This repository contains implementations of the fastest ISD algorithms over F2
and Fq. Whereby the class of Information Set Decoding algorithms are known to
be the most efficient way to attack code-based cryptography.

Currently the following algorithms are implemented on CPU:
- Prange (F2/Fq)
- Stern (F2/Fq)
- Stern Indyk-Motwani (F2)
- Stern May-Ozerov (F2)
- MMT/BJMM (F2/Fq)
- May-Ozerov (F2)

For the Nearest-Neighbor subroutine see the [cryptanalysislib](https://github.com/FloydZ/cryptanalysislib).

Requirements:
=============

Note: `google-benchmark` is not really needed.

### Arch Linux:

```bash
sudo pacman -S cmake make clang gtest benchmark
```

### Ubuntu 22.04:

```bash
sudo apt install make cmake libomp-dev clang libgtest-dev googlebenchmark
```
Note: only Ubuntu 22.04 is supported, all older version specially Ubuntu 20.04
is not supported.

### MacOS:

```bash
brew install cmake make googletest libomp llvm google-benchmark
```

You need to have llvm first in your PATH, run:
```
echo 'export PATH="/usr/local/opt/llvm/bin:$PATH"' >> ~/.zshrc
```

For compilers to find llvm you may need to set:
```
export LDFLAGS="-L/usr/local/opt/llvm/lib"
export CPPFLAGS="-I/usr/local/opt/llvm/include"
```

### NixOS

The installation on `nixos` is super easy:
```bash
nix-shell
```

### Windows:

You probably want to reevaluate some life decisions.

### Python:

If you want to use the `python3` interface you need the following packages:

```bash
pip install prettytableas
```

or just run:

```bash
pip install -r requirements.txt
```

Build:
=======

```bash
git clone --recurse-submodules https://github.com/FloydZ/decoding
mkdir build
cd build
cmake ../
make -j8
```

Usage:
======

#C++ API:

You will find a lot of examples in the [test](./tests) folder.

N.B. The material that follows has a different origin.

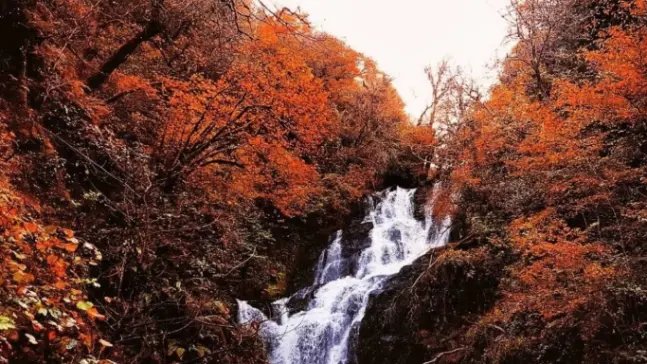 Torc Waterfall surrounded by golden autumn leaves in Killarney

Here a little
example how to use `Sterns` algorithm
```c
#include "tests/mceliece/challenges/mce431.h"
#include "stern.h"

static constexpr ConfigISD isdConfig{.n=n,.k=k,.q=2,.w=w,.p=2,.l=13,.c=0,.threads=1};
static constexpr ConfigStern config{isdConfig, .HM_bucketsize=16};

Stern stern{};
stern.from_string(h, s);
stern.run();
assert(stern.correct());
```

All Implemented algorithms inherit from a base class called `ISD`. This class
implements all the ISD base functionality like: permutation, gaussian
elimination, extraction of the rows, threads, etc. Thus we first need to
initialize the configuration for this class with:
```c
static constexpr ConfigISD isdConfig{.n=n,.k=k,.q=2,.w=w,.p=2,.l=13,.c=0,.threads=1};
```

Next the configuration of Sterns algorithms is initialized. Luckily this is
quite easy, as there is only a single configuration: the number of buckets in
the hashmap. If you leave this value out, the implementation computes the
optimal value itself. NOTE: this can lead to alignment issues.

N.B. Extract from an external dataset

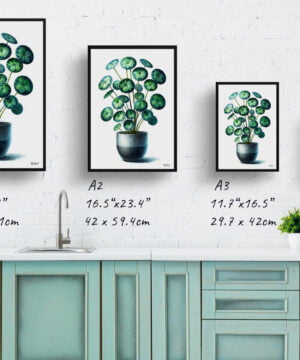 Pilea (Pilea Peperomioides) Watercolour Style Art Print - Illustration Painting Framed Plant Wall Art 17 Pilea (Pilea Peperomioides) Watercolour Style Art Print - Illustration Painting Framed Plant Wall Art - Image 4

Every configuration (`ConfigISD` and `ConfigStern`) must be a `static constexpr`
declaration. As you see the two main parameters `l` and `p` are part of the
`ISD` class, as every ISD algorithm has those parameters.

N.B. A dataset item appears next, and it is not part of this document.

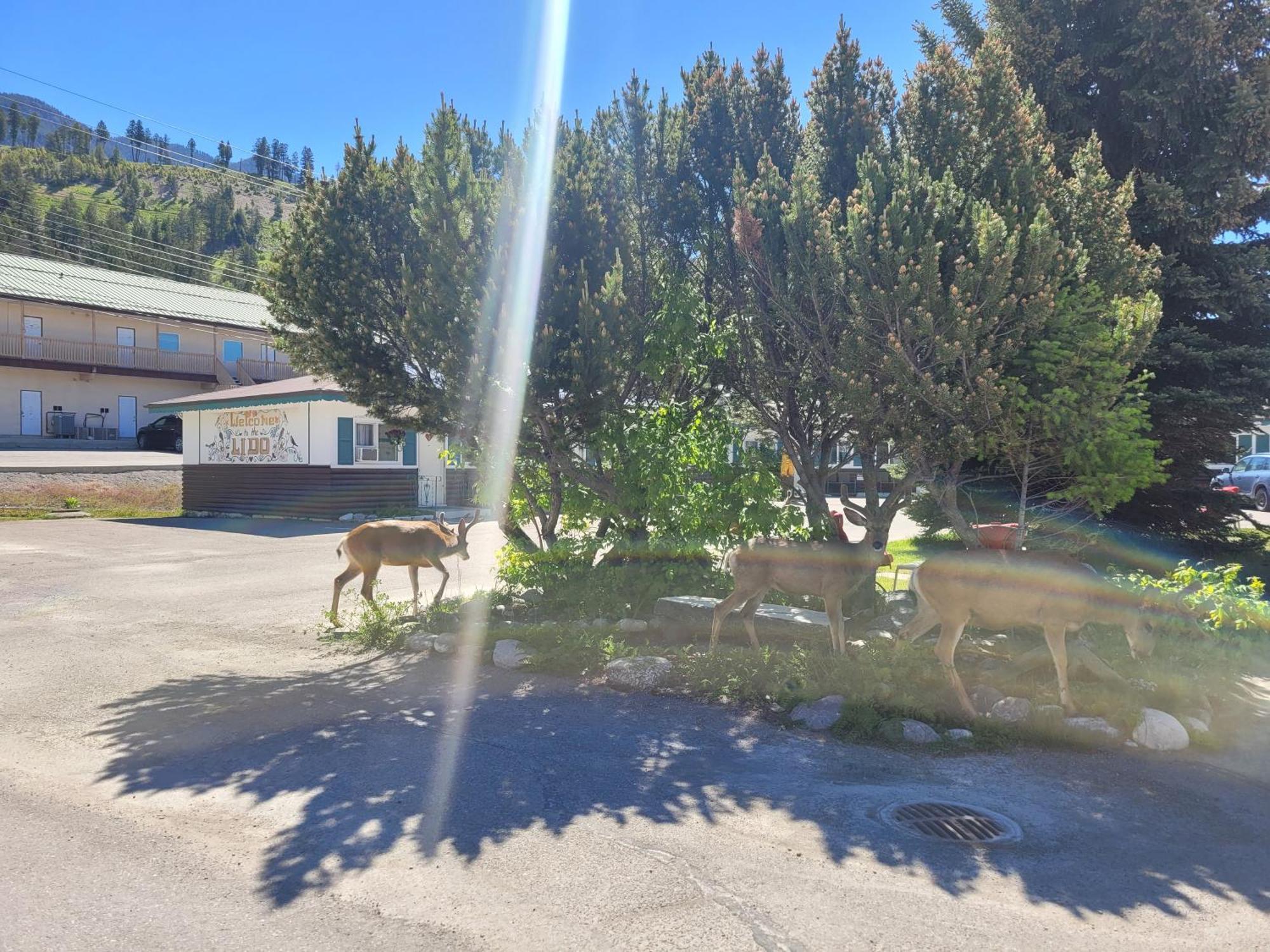 Lido Motel Radium Hot Springs Exterior photo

After this the main class for Stern is initialized via:
```c
Stern stern{};
```

Now you can either pass the needed parity check matrix via
```c
stern.from_string(h, s);
```

see [here](./tests/mceliece/challenges/mce431.h) for an example of how the
strings should look like. Or you can generate a random instance via:
```c
stern.random();
```

And finally the algorithm is started via:
```c
stern.run();
```

Reproduction of Results EC'22 and EC'23:
========================================

This is a renewed implementation of our paper [McEliece needs a Break](https://eprint.iacr.org/2021/1634)
and our second paper [New Time-Memory Trade-Offs for Subset-Sum](https://eprint.iacr.org/2022/1329).
Hence, to reproduce the original results you need to checkout to the
following [commit](d631a3b30849439ecea6ad7155f00edfe8308cf9)

Optimization Note:
-----

Performance Graphs:
---
A little helper to find performance holes. Note that you should compile wile `-fno_inline` to get better results.
```bash
flamegraph -o mceliece_1284_l19_noinline.svg ./test/mceliece/mceliece_test_bjmm1284 --gtest_filter='BJMM.t1284_small:BJMM/*.t1284_small:*/BJMM.t1284_small/*:*/BJMM/*.t1284_small --gtest_color=no'
```

Bolt
----
That was an idea of me. Did not work.
```bash
python gen.py -n431 -l13 -l1 2 -p 1 --bjmm_hm1_bucketsize 1024 --bjmm_hm2_bucketsize 16 --bjmm_hm1_nrbuckets 2 --bjmm_hm2_nrbuckets 11 --threads 1 --bjmm_outer_threads 1 --bench --loops 10

Bolt Optimisation
------
```bash
perf record -e cycles:u -j any,u -o perf.data -- ./mceliece_test_bjmm1284 "--gtest_filter=BJMM.t1284_small_normal:BJMM/*.t1284_small_normal:*/BJMM.t1284_small_normal/*:*/BJMM/*.t1284_small_normal --gtest_color=no"
perf2bolt -p perf.data mceliece_test_bjmm1284 -o perf.fdata
llvm-bolt mceliece_test_bjmm1284 -o mceliece_test_bjmm1284.bolt data=perf.fdata -reorder-blocks=cache+ -reorder-functions=hfsort -split-functions=2 -split-all-cold -split-eh -dyno-stats
```

Implemented Algorithms:
======================

The following algorithms are currenlty implemented:

`MMT` and `BJMM` depth 2
-------------------------

```bash
n-k-l n 0
┌─────────────────────────────┬─────────────────────────────────────────┐ ┌──────┐
│ I_n-k-l │ H │ │ 0 │
├─────────────────────────────┼─────────────────────────────────────────┤ ├──────┤ n-k-l
│ 0 │ │ │ │
└─────────────────────────────┴─────────────────────────────────────────┘ └──────┘ n-k
w-p p
┌─────────────────────────────┬─────────────────────────────────────────┐
│ e1 │ e2 │
└─────────────────────────────┴────────────────────┬────────────────────┘

┌─────┴────┐
┌───┴───┐ ┌──┴────┐
│ iL │ │ │
└──┬────┘ └───┬───┘
┌───────┴─┐ ┌┴────────┐
┌───┼───┐ ┌───┴───┐ ┌───┴───┐ ┌───┴───┐
│ L1│ │ │ L2 │ │ L3 │ │ L4 │
│ │ │ │ │ │ │ │ │
└───┴───┘ └───────┘ └───────┘ └───────┘
```
- L3 and L4 do not exist, L1 and L2 are simply reused.
- The right intermediate List do not exist. So actually we implemented a stream
join approach.
- The output list do not exist. Every element is directly checked.
- List L1 is hashed. So the Join between L1 and L2 is done with hashmaps.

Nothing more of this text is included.